About this task: Copy each line of the data below exactly, leaving out pictures.

Raw data:
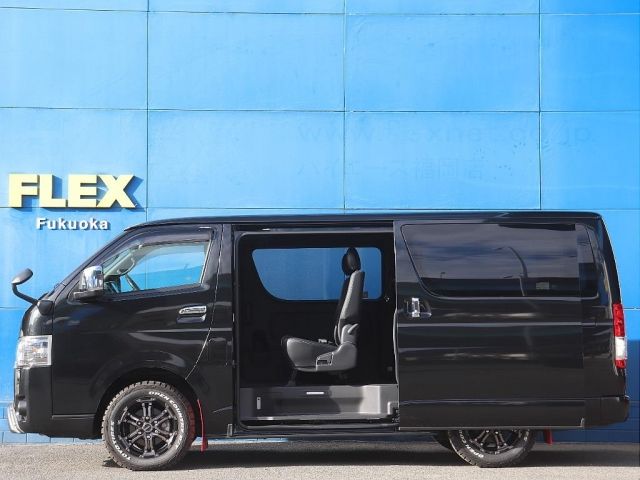 TOYOTA HIACE VAN 2WD 2020 Image 31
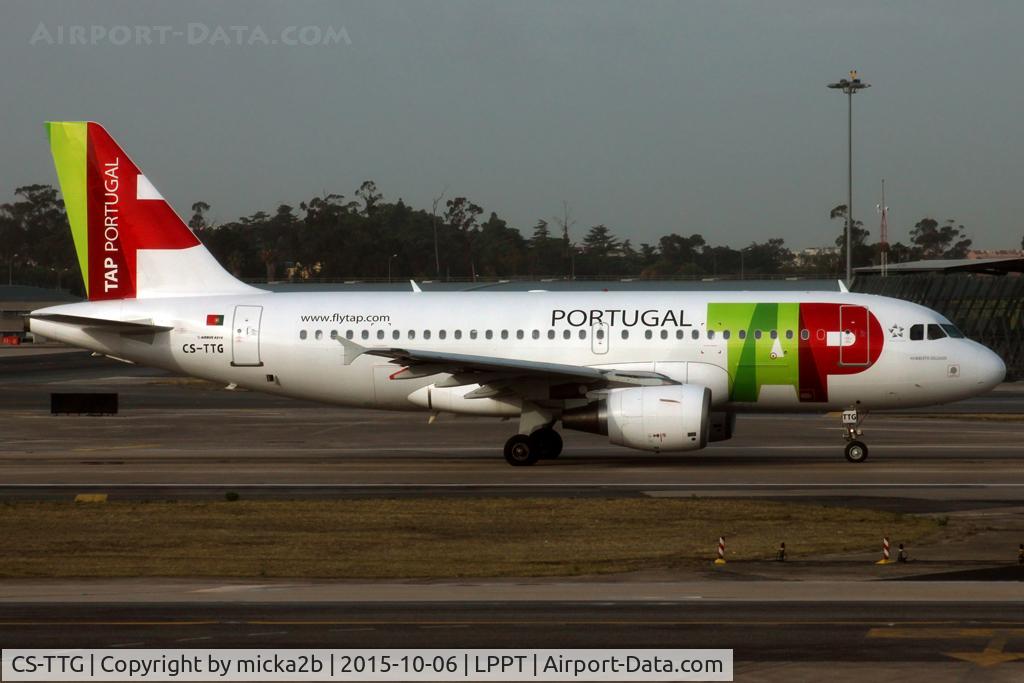 CS-TTG, 1998 Airbus A319-111 C/N 906, Taxiing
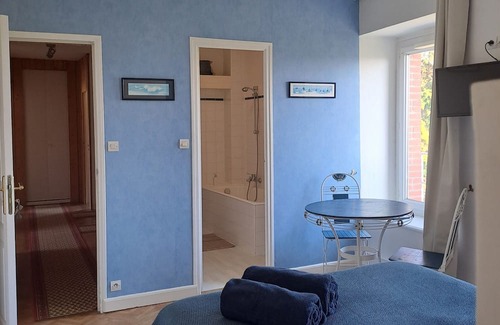 Cherrueix Cama Y Desayuno | Chambre marine-Habitacion Doble-Clásico-Baño con bañera-Vista al Jardín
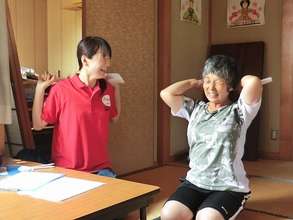 A volunteer physiotherapist teaching exercise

Task solution:
 TOYOTA HIACE VAN 2WD 2020 Image 31
 CS-TTG, 1998 Airbus A319-111 C/N 906, Taxiing
 Cherrueix Cama Y Desayuno | Chambre marine-Habitacion Doble-Clásico-Baño con bañera-Vista al Jardín
 A volunteer physiotherapist teaching exercise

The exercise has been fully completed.